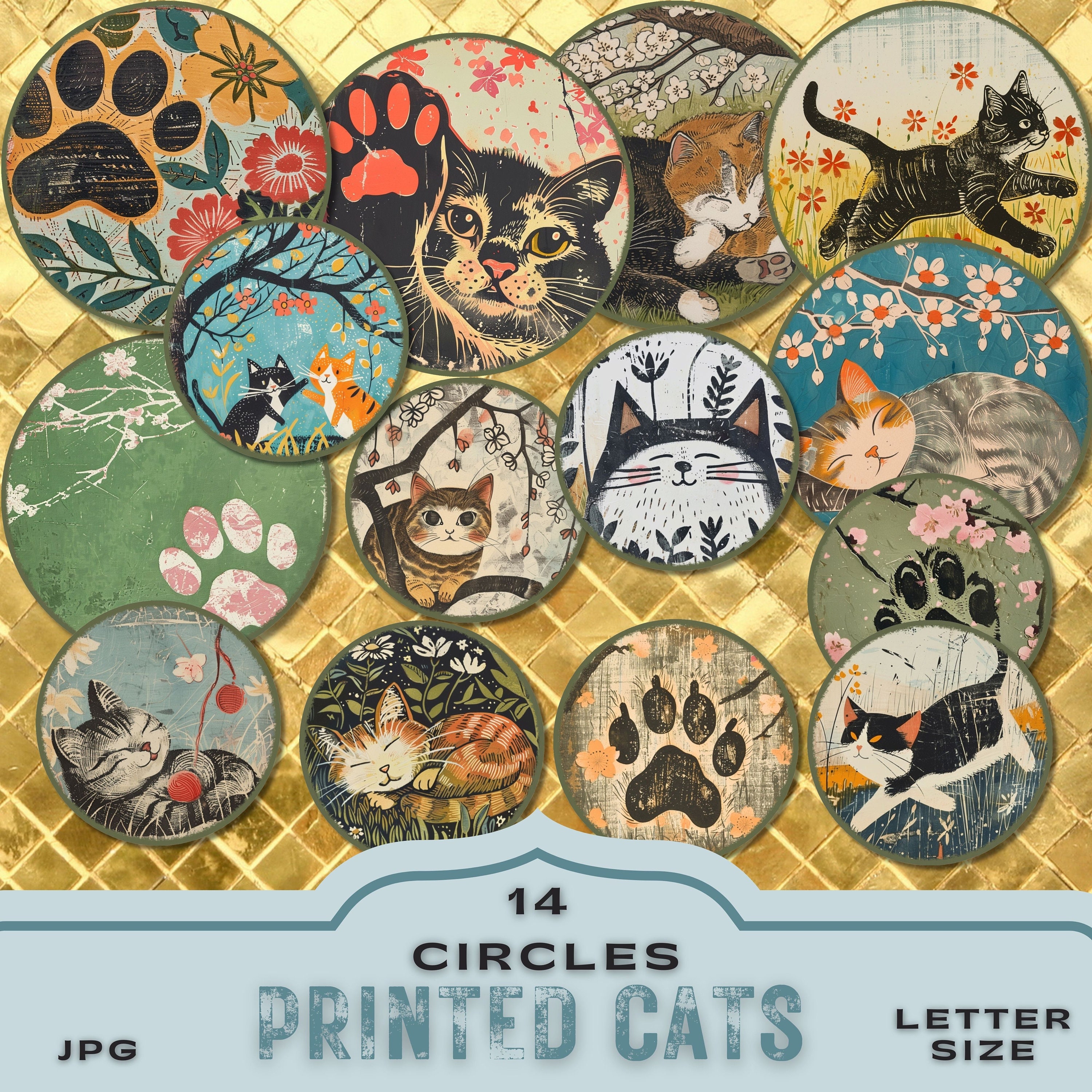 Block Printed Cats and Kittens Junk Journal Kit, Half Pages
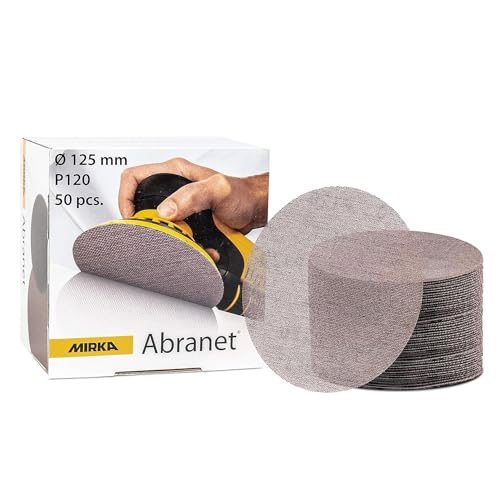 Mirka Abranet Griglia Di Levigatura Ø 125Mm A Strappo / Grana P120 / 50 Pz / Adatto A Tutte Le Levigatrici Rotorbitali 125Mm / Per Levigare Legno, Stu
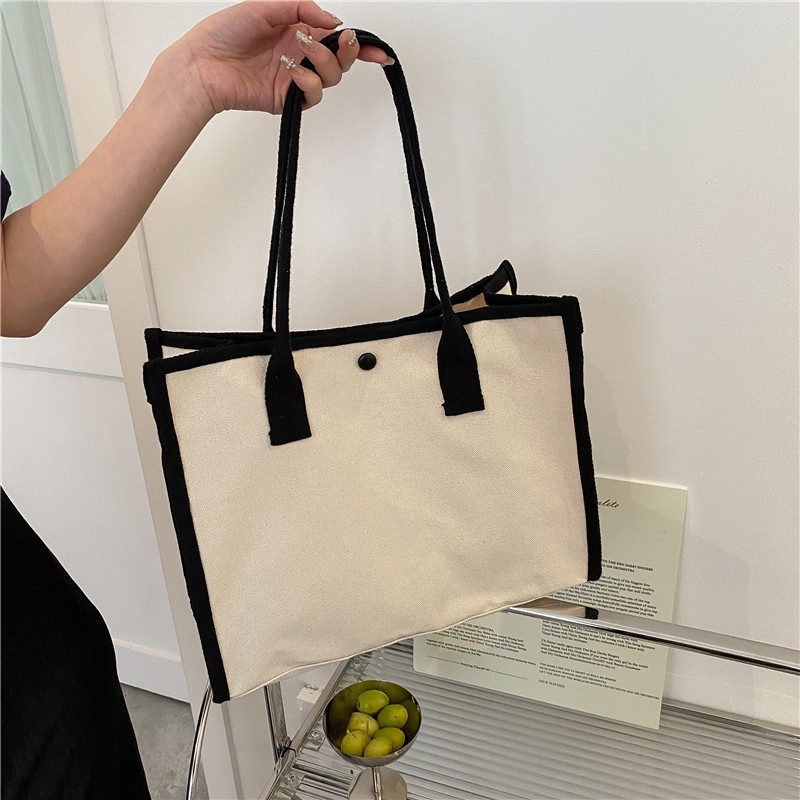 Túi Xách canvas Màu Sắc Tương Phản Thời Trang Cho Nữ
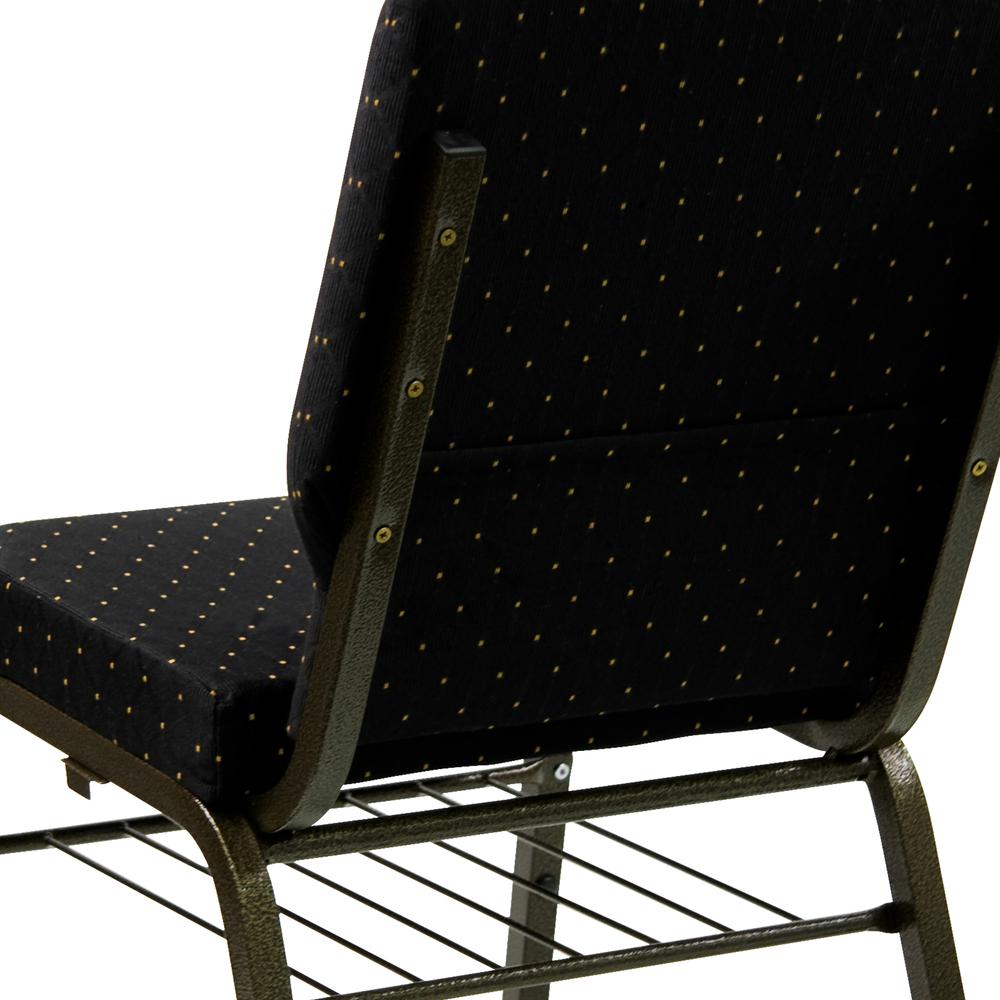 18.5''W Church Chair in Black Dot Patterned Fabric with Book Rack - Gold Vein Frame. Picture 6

......

> _EXERCISE INSTRUCTIONS_: Every line from the one containing "Mirka Abranet Griglia" through the last line of the data, both included, is to be repeated exactly; the pictures are to be left out.

> _WRITTEN RESPONSE_:
 Mirka Abranet Griglia Di Levigatura Ø 125Mm A Strappo / Grana P120 / 50 Pz / Adatto A Tutte Le Levigatrici Rotorbitali 125Mm / Per Levigare Legno, Stu
 Túi Xách canvas Màu Sắc Tương Phản Thời Trang Cho Nữ
 18.5''W Church Chair in Black Dot Patterned Fabric with Book Rack - Gold Vein Frame. Picture 6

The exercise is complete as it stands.